The procedure then consists of applying two different weighting schemes $w_{j,k} ^{(i)}$ ( $i=1,2$ ), estimating the corresponding two mean weighted theoretical deviations using the residuals of rank-size regression, and computing a linear combination thereof such that $ Var() + b_{k,n}^2 $ obtains. We proceed in this manner for weights $w_{j,k} ^{(1)}\equiv 1$ and $w_{j,k} ^{(2)} = j/(k+1)$ for a set of pre-selected values of $\rho$ .
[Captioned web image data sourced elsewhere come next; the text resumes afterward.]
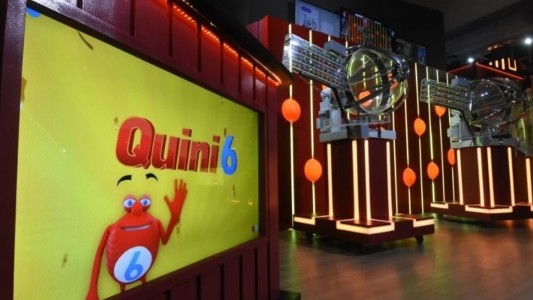Quini 6 impresionante: ¡2.070 millones para el próximo domingo!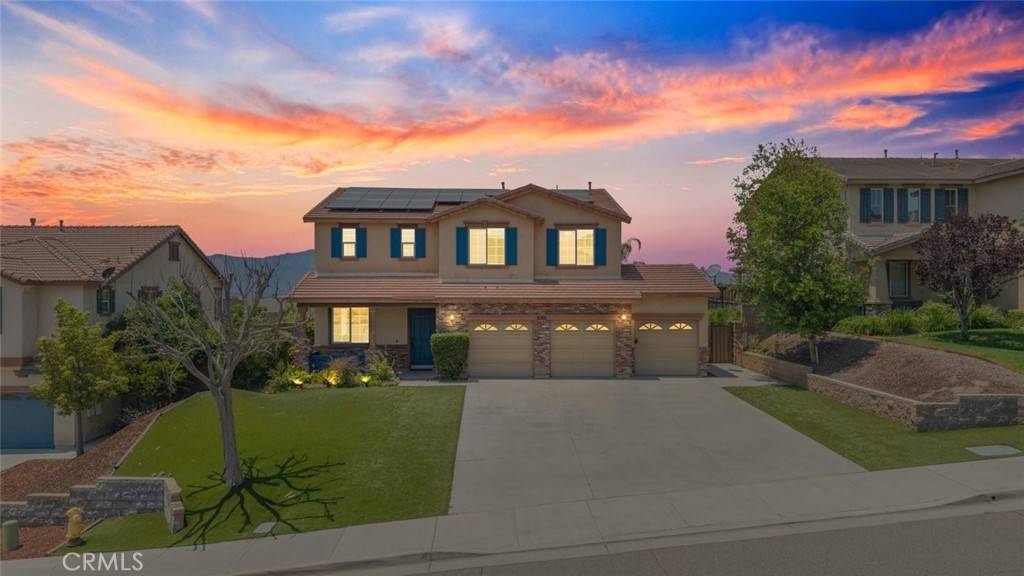 41041 Crimson Pillar Lane, Lake Elsinore, CA 92532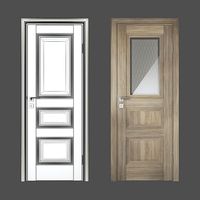 Doors - ProfilDoors Series X model X83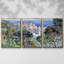 Bordviera, View, 1884 3 pièces-1724180458-1724180457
In particular, based on the experiments reported in Schluter (2018, 2021), we have set a very conservative value of $\rho=-.5$ (implying a slow decay of the slowly varying nuisance function $l$ ).

Complex surveys

Survey data often come with sampling weights to allow inference on the level of the population. The aforementioned theory and methods are easily adapted to this setting if we define the weighted empirical distribution function as

$F_n (y) = \frac{1}{n} \sum_{i=1} ^n w_i 1(Y_i \leq y)$

where $w_i$ is the sampling weight associated with the $i$ ’s observation $Y_i$ with $\sum_{i=1} ^n w_i = n$ . Examples are a scheme of unity weights ( $w_i \equiv 1$ for all $i$ ), or $w_i= \tilde{w_i} n$ with $\tilde{w_i} < 1$ and $\sum_i \tilde{w_i} = 1$ . Then, for the $j$ ’s largest observation, we have $F_n (Y_{n-(j-1),n}) = \frac{n-\sum_{i=1} ^{j} w_{(i \leq j)}} {n}$ with the implicit notation convention that $\sum_{i=1}^j w_{(i \leq j)}$ denotes the summation of the survey weights corresponding to the $j$ largest upper-order statistics. The resulting Pareto QQ plot has coordinates

$(- \log(\sum_{i=1} ^j w_{(i \leq j)}/(n+1)), \log Y_{n-j+1,n}) _{j=1,\cdots,k},$ and the resulting survey-weights-adjusted estimator of $\gamma$ then becomes $\begin{eqnarray}\label{gamma_hat2} \hat{\gamma} &=& \frac{ \frac{1}{k} \sum _{j=1} ^k \log \left( \frac{\sum_{i=1} ^{k+1} w_{(i \leq k+1)}}{\sum_{i=1} ^j w_{(i \leq j)}} \right) \left[ \log Y_{n-j+1,n} - \log Y_{n-k,n}\right]}{ \frac{1}{k} \sum _{j=1} ^k \left[ \log \frac{\sum_{i=1} ^{k+1} w_{(i \leq k+1)}}{\sum_{i=1} ^j w_{(i \leq j)}} \right]^2 }. \end{eqnarray}$